Xi and his better version of globalization
BEIJING - In recent years, globalization seems to have lost its charm and steam, and most depressively, the direction to go forward.
To gather even tighter or to fall apart, the world community is confronting a critical choice that matters so much for so many.
At the annual World Economic Forum (WEF) in the Swiss ski resort of Davos, Chinese President Xi Jinping shared his line of thoughts about how the world should jointly reset globalization for the better.
In his speech at WEF, one of the most-watched signposts for global economic outlook, Xi tried to gather greater consensus for building a community of common destiny for humankind.
The notion of building such a community was first put forward in 2012. Over the past four years, the Chinese president has traveled around the world to share his thoughts with other world leaders on why this idea could be a more promising approach to revitalize globalization.

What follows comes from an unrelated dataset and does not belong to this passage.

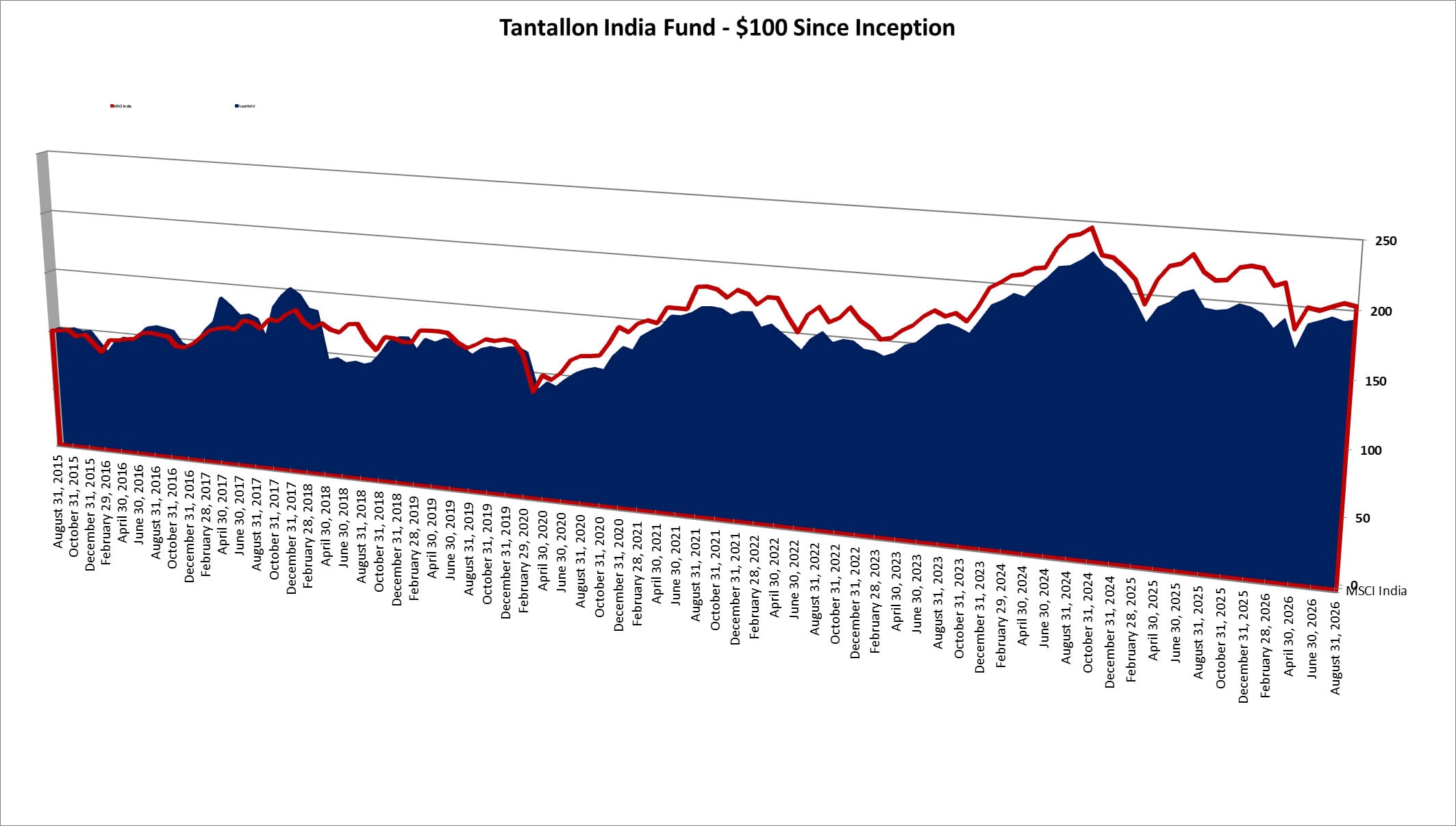 Tantallon India Fund vs MSCI Pacific Free chart | Tantallon Capital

According to many of his previous elaborations, this grand experiment needs to be based on openness and inclusiveness.
While stressing the importance of delivering the benefits of economic globalization to all, Xi, in his speech, also pledged China's development will continue to offer opportunities to business communities in other countries.

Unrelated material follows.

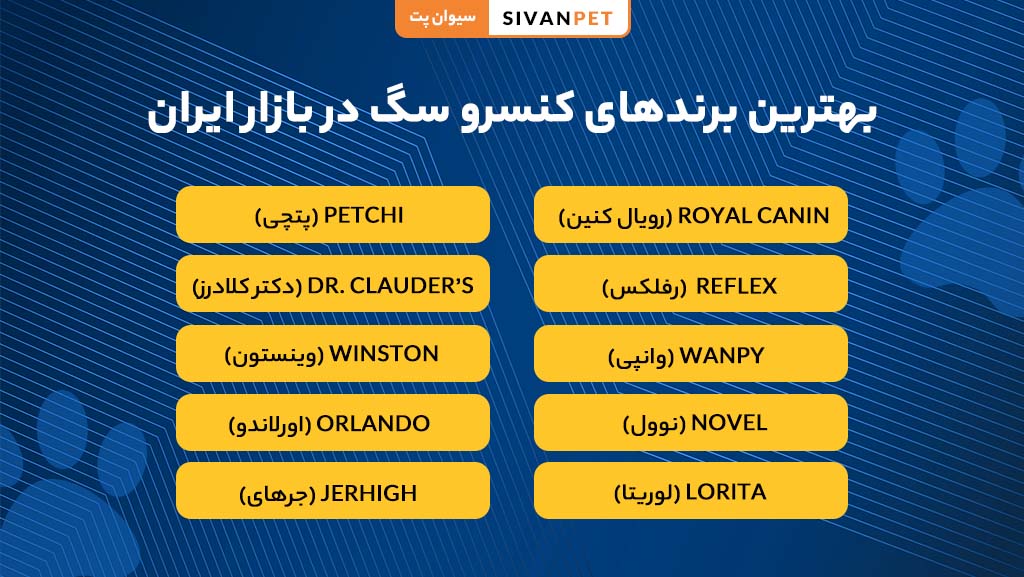 بهترین برندهای کنسرو سگ در بازار ایران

In the coming five years, China is expected to import 8 trillion US dollars of goods, and make 750 billion dollars of outbound investment, said the president, adding that Chinese tourists will make 700 million overseas visits.
Hailing Xi's keynote speech as a highlight in the WEF history, WEF founder and Executive Chairman Klaus Schwab said Xi's "thought-provoking" speech will chart the course of global economy and that the WEF is willing to further strengthen its partnership with China.
Xi rose to the top of China's leadership after working many years as local officials in some of China's pretty impoverished places in the last century.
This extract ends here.